_Task instructions_:
In the entries that follow, find the line containing "Beyaz laboratuvar önlüklü" and the line containing "Kids' Logo Appliqué", then retype exactly the lines from the first through the second, pictures excluded.

_Exercise inputs_:
▼
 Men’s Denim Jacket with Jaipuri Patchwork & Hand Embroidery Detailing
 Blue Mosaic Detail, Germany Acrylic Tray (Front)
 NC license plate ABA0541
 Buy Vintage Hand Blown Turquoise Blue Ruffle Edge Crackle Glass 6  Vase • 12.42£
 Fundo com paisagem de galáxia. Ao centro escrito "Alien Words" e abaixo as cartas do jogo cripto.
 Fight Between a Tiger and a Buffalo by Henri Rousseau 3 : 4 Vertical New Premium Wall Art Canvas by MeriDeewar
▲
▼
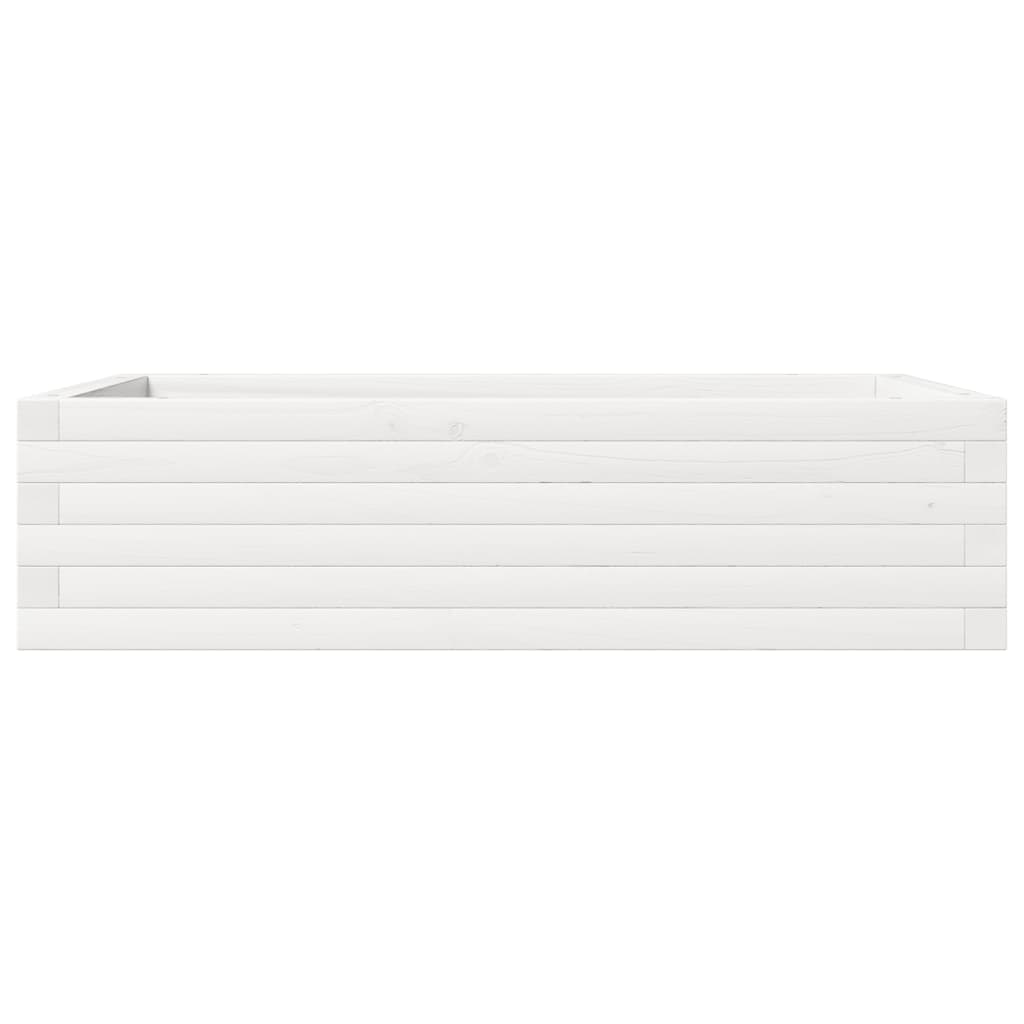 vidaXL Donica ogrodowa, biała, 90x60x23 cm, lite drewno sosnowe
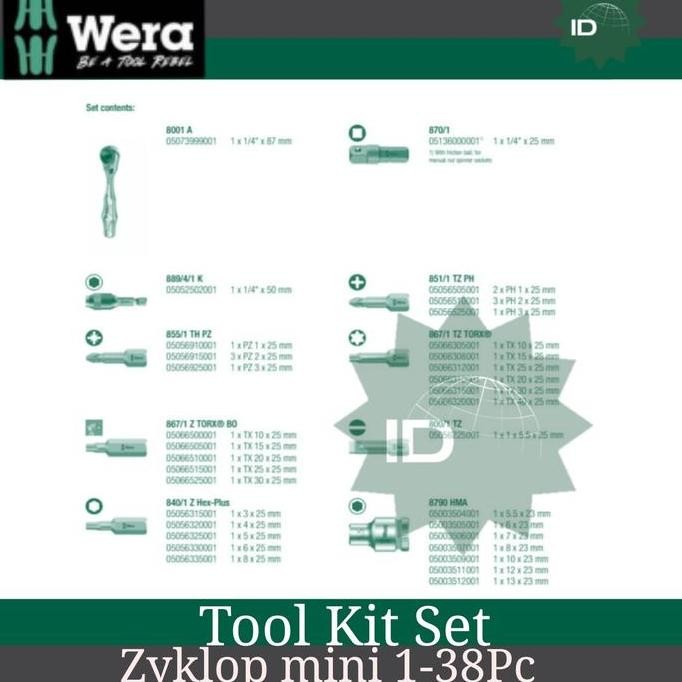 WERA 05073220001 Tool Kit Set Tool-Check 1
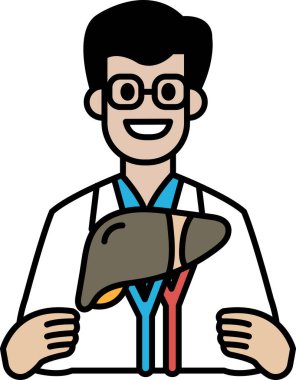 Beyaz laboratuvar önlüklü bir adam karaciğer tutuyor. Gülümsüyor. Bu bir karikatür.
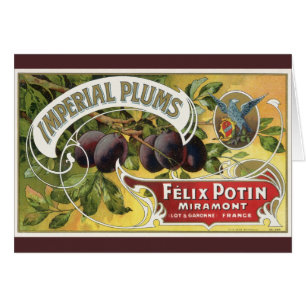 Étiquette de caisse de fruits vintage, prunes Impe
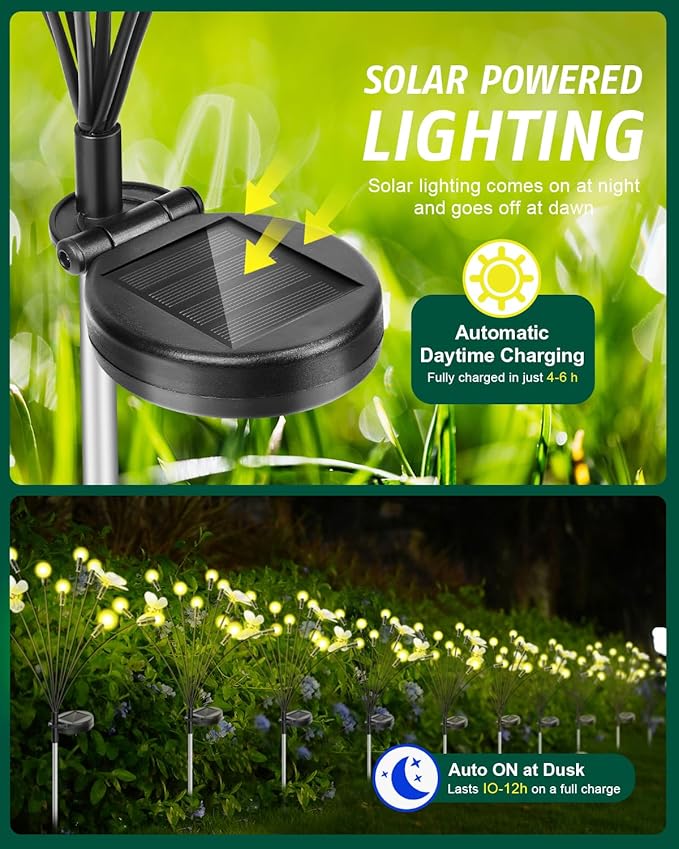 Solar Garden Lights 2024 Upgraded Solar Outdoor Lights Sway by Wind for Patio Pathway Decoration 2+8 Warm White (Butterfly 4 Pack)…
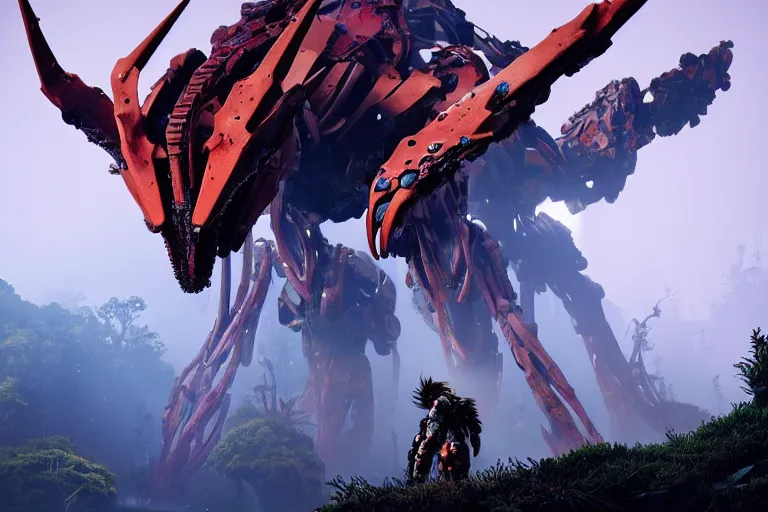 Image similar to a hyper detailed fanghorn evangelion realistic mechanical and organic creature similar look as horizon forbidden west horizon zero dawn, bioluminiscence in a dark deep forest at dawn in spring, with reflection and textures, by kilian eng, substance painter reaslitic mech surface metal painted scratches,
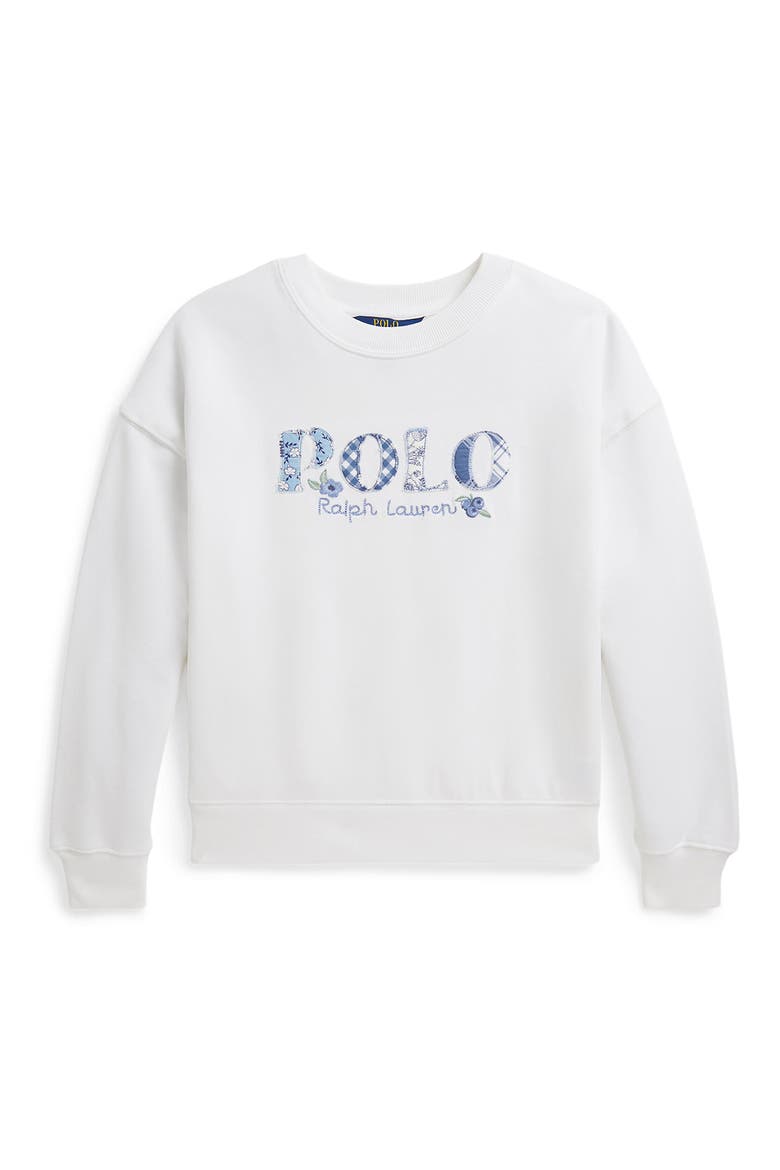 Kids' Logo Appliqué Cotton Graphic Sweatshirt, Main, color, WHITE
▲
_Solution to this task_:
 Beyaz laboratuvar önlüklü bir adam karaciğer tutuyor. Gülümsüyor. Bu bir karikatür.
 Étiquette de caisse de fruits vintage, prunes Impe
 Solar Garden Lights 2024 Upgraded Solar Outdoor Lights Sway by Wind for Patio Pathway Decoration 2+8 Warm White (Butterfly 4 Pack)…
 Image similar to a hyper detailed fanghorn evangelion realistic mechanical and organic creature similar look as horizon forbidden west horizon zero dawn, bioluminiscence in a dark deep forest at dawn in spring, with reflection and textures, by kilian eng, substance painter reaslitic mech surface metal painted scratches,
 Kids' Logo Appliqué Cotton Graphic Sweatshirt, Main, color, WHITE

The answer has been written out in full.